▶ Assignment
Please give back the listing exactly, without any of its pictures.

▶ Information provided
---*---

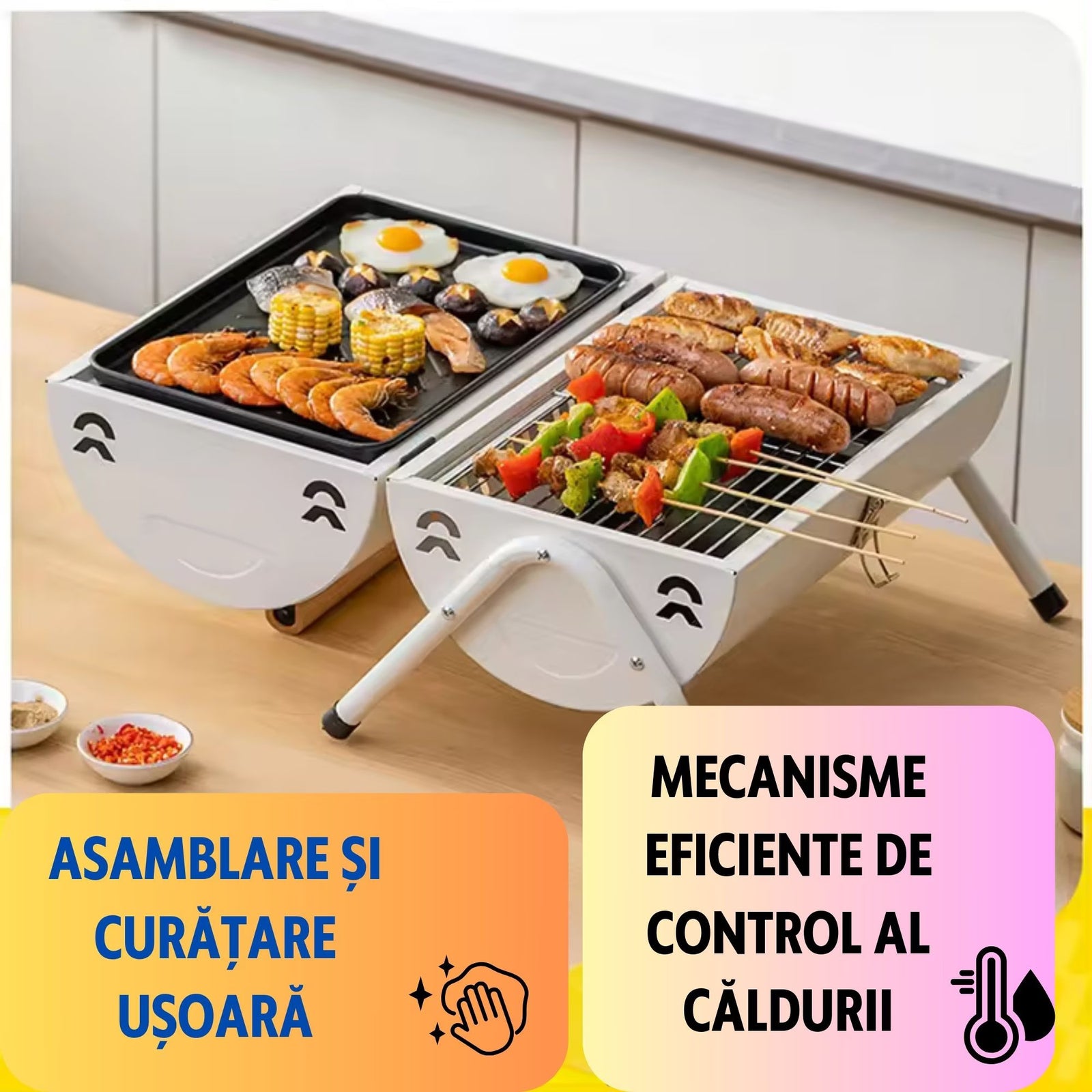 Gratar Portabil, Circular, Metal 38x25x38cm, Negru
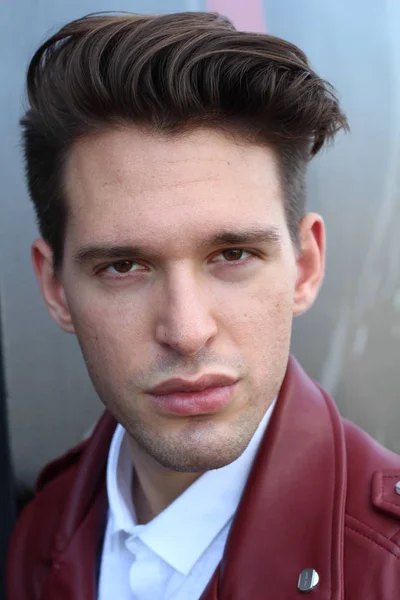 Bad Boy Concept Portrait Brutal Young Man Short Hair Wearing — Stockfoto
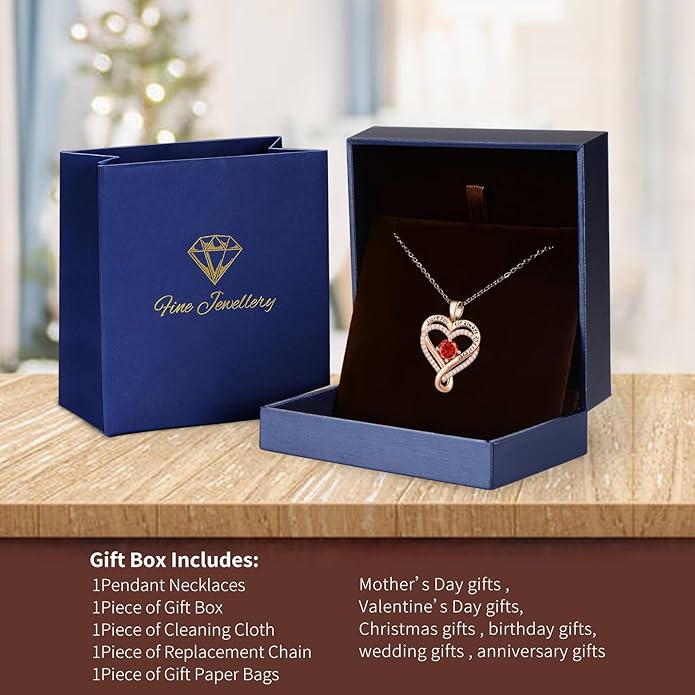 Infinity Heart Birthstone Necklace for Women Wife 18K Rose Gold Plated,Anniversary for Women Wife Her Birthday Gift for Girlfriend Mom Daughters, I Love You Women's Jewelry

---*---

▶ Response to the exercise
 Gratar Portabil, Circular, Metal 38x25x38cm, Negru
 Bad Boy Concept Portrait Brutal Young Man Short Hair Wearing — Stockfoto
 Infinity Heart Birthstone Necklace for Women Wife 18K Rose Gold Plated,Anniversary for Women Wife Her Birthday Gift for Girlfriend Mom Daughters, I Love You Women's Jewelry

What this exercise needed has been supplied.